# Work order
Look through the records, and wherever the string "Edge" turns up, copy out that line.

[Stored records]
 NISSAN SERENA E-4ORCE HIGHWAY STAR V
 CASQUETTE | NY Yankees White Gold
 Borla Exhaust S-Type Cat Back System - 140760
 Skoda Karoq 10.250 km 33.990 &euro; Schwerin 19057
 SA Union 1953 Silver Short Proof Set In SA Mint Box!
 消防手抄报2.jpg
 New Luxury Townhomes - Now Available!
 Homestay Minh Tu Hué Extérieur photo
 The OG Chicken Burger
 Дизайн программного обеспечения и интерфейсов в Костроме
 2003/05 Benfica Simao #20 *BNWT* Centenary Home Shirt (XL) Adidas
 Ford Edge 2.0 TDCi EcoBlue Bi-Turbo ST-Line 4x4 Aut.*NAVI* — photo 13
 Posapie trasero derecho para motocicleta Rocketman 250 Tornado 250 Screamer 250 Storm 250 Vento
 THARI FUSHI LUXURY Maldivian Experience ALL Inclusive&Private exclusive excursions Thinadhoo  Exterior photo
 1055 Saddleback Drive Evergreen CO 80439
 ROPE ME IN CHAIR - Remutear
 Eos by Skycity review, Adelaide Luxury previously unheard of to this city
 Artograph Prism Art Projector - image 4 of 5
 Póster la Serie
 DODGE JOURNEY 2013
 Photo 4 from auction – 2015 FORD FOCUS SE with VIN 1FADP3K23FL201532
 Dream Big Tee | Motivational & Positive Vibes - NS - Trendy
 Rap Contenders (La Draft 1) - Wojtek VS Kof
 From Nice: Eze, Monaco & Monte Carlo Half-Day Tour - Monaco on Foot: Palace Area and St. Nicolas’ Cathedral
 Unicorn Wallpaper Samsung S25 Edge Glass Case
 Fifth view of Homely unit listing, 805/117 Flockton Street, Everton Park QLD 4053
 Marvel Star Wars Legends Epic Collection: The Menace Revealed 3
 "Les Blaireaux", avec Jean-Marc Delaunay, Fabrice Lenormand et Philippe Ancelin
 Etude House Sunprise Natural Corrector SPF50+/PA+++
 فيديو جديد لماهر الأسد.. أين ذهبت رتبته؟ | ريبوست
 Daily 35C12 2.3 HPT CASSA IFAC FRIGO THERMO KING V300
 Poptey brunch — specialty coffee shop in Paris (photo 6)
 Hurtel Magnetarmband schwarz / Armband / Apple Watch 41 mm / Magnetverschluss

# Solution for this task
 Ford Edge 2.0 TDCi EcoBlue Bi-Turbo ST-Line 4x4 Aut.*NAVI* — photo 13
 Unicorn Wallpaper Samsung S25 Edge Glass Case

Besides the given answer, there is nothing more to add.